O CD passou, então, a ser encontrado fora das lojas especializadas, em esquinas, por todas as grandes cidades. Por um quarto, ou até um quinto do preço, as pessoas podiam comprar as obras de seus artistas favoritos, sem que percebessem qualquer perda de qualidade no momento da audição. Os consumidores não se viam prejudicando os artistas, mas aproveitando a oportunidade de ouvi-los por preços mais acessíveis. Como consequência, no final dos anos 1990, a indústria fonográfica enfrenta a desaceleração no crescimento do mercado, culminando em declínio, entre os anos de 1997 e 2001, quando o volume de vendas é reduzido em 33%.

Além de perder o controle sobre a condução da tecnologia CD, em 2001, a indústria sofreria outro revés, com a popularização do MP3. A conjunção de diversas tecnologias autônomas impulsionou a popularidade desse formato de audição musical. Fora de qualquer controle da indústria fonográfica, a viabilidade do MP3 se confirmou ao mesmo tempo em que a internet ganhava escala comercial, alcançando os domicílios de classe média ao redor do mundo. A internet comercial, mesmo com preço elevado e usando protocolos e infraestrutura bastante precários, se comparados com os atuais, rapidamente convenceu sobre seu potencial de aproximar pessoas e de facilitar o compartilhamento de ideias, opiniões, notícias e, também, arquivos de áudio.

Para entrar nesse novo mundo de conexão, eram necessários poucos equipamentos e uma linha telefônica. Apesar de não serem produtos baratos, era possível à classe média comprá-los, alternando, talvez, entre a aquisição de uma nova televisão ou novo aparelho de reprodução de som. De posse desses equipamentos mínimos, bastava acessar a internet e os caminhos para encontrar a música preferida eram indicados facilmente, a custo praticamente zero.

Aos participantes da rede mundial, era desejável o acesso aos novos conteúdos, cabendo aos empreendedores digitais a tarefa de facilitar essa conexão. Com esse intuito, ainda no ano 2000, surgem softwares capazes de promover o compartilhamento de música, sendo o Napster, o mais famoso entre os aplicativos disponíveis. Por sua facilidade de uso, tal aplicativo alcança milhões de usuários e volume de trocas muito além de qualquer precedente, no que diz respeito à pirataria – em janeiro de 2001, oito milhões de pessoas se conectavam à rede e trocavam mais de 2,9 bilhões de arquivos naquele ano (O CAMINHO... 2001).

Trocar músicas, todavia, ainda era demorado – um arquivo de média qualidade poderia demorar até três horas para ser transmitido –, mas não estava em questão a velocidade da troca, pois o importante era participar de um grande acervo de músicas de todas as partes do mundo, desde as mais populares, às que representavam nichos e gostos bastante específicos. O que as pessoas faziam fisicamente – emprestar e trocar álbuns de música –, passaram a fazer de forma digital. Ainda era troca e empréstimo, mas ao volume muito maior do que a indústria fonográfica poderia controlar ou ignorar. Mais do que isso, assim como no caso do CD, o arquivo digital não perdia a qualidade e, com isso, o álbum

digital, em MP3, tinha praticamente as mesmas características sonoras do original, comprado na loja e impresso no suporte físico. Os compartilhadores se consideram incentivadores da música, ao passo que as empresas do setor fonográfico, viam-nos como concorrentes e criminosos.

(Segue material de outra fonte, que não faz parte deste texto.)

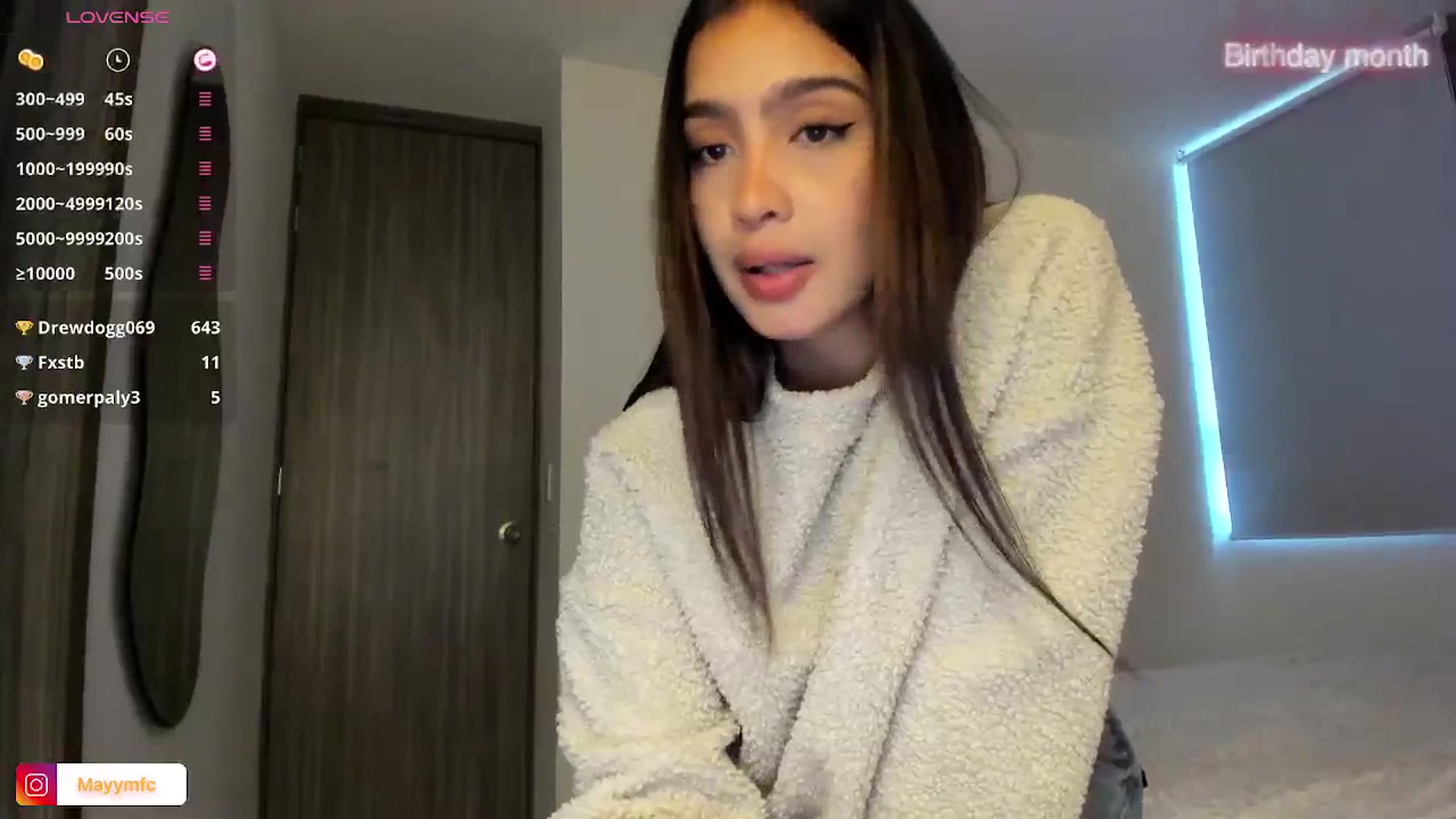 Gallery image thumbnail from Maysoon_'s myfreecams stream on, 09/18/2025, 17:21 image 13 of 20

O prejuízo foi rapidamente percebido, porque, em grande medida, o mesmo público que detinha as condições financeiras de comprar álbuns era o que comprava computadores e os conectava à Internet. Com isso, não era possível controlar nem a tecnologia do novo formato, tampouco a forma de acessá-lo. O MP3, portanto, promoveu o fim da era de controle tecnológico e, desde então, a distribuição de música passou a ser feita desenfreadamente e sem qualquer domínio. As opções de combate, por conta disso, foram as mais variadas – desde a opção pela criminalização, até as campanhas de conscientização em diversos veículos de mídia, estratégias que serão discutidas nas próximas páginas.